Exercise brief: Nothing but the lines from the one that holds "James and the Giant Peach Theatre Poster" through the end of the material should be repeated, each exactly as it stands, and pictures stay out.

Supplied information:

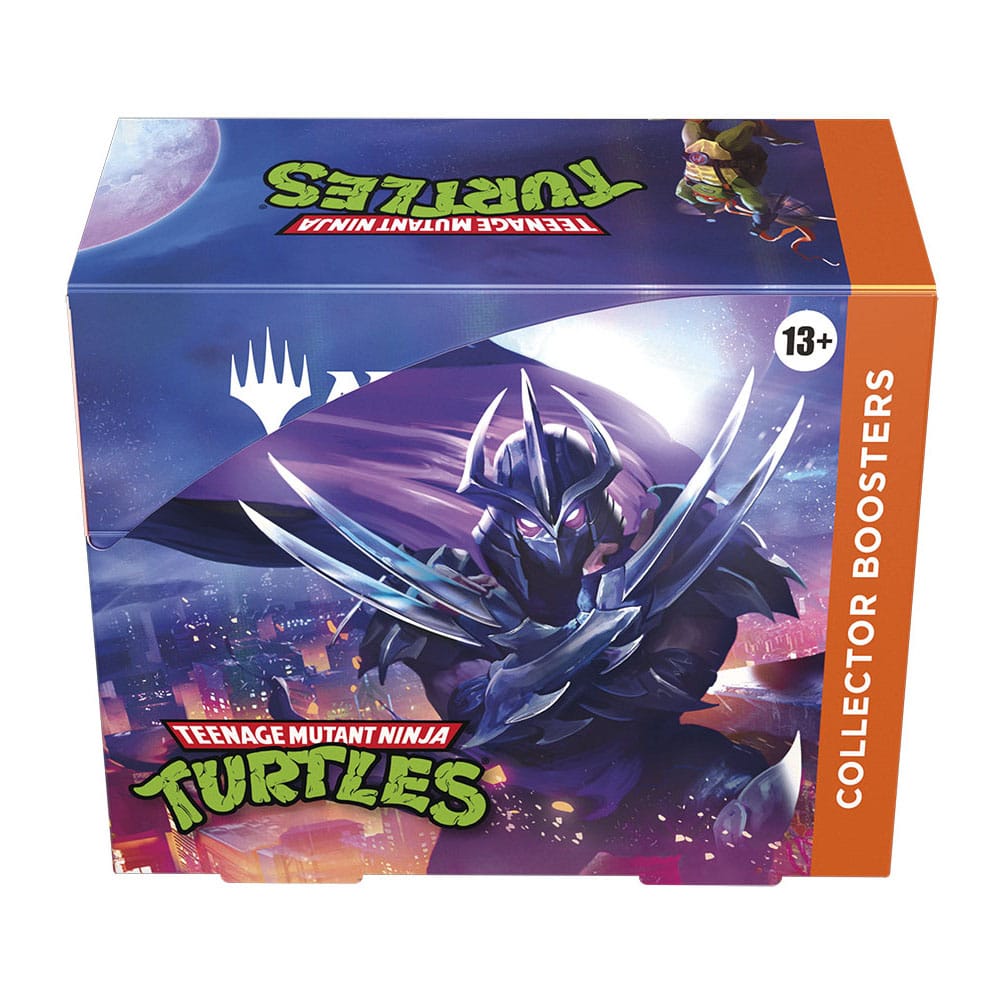 Magic the Gathering Teenage Mutant Ninja Turtles présentoir boosters collectors (12) *ANGLAIS*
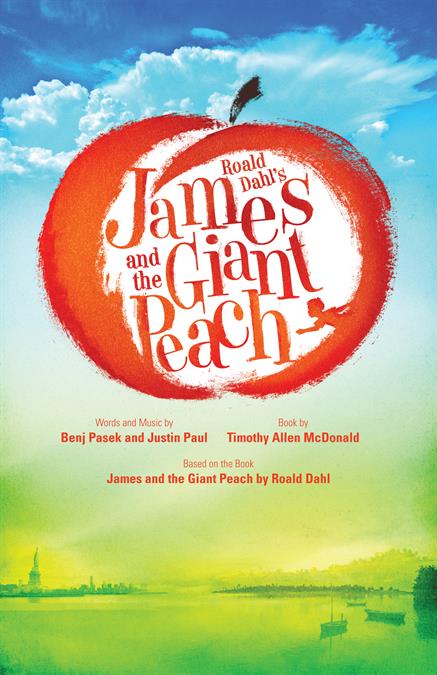 James and the Giant Peach Theatre Poster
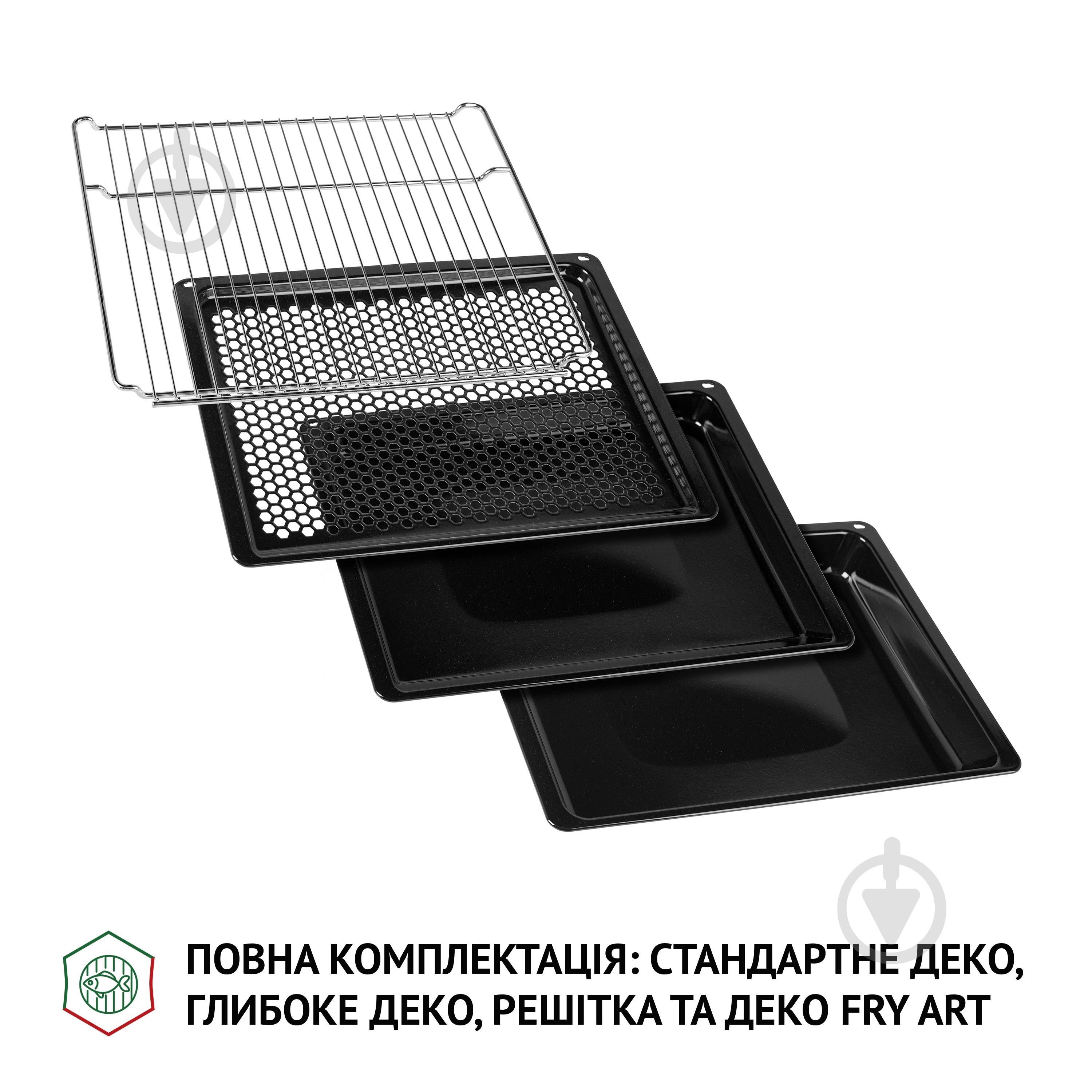 Духовой шкаф Perfelli DIAMOND 6D10N INOX - фото 16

Answer space:
 James and the Giant Peach Theatre Poster
 Духовой шкаф Perfelli DIAMOND 6D10N INOX - фото 16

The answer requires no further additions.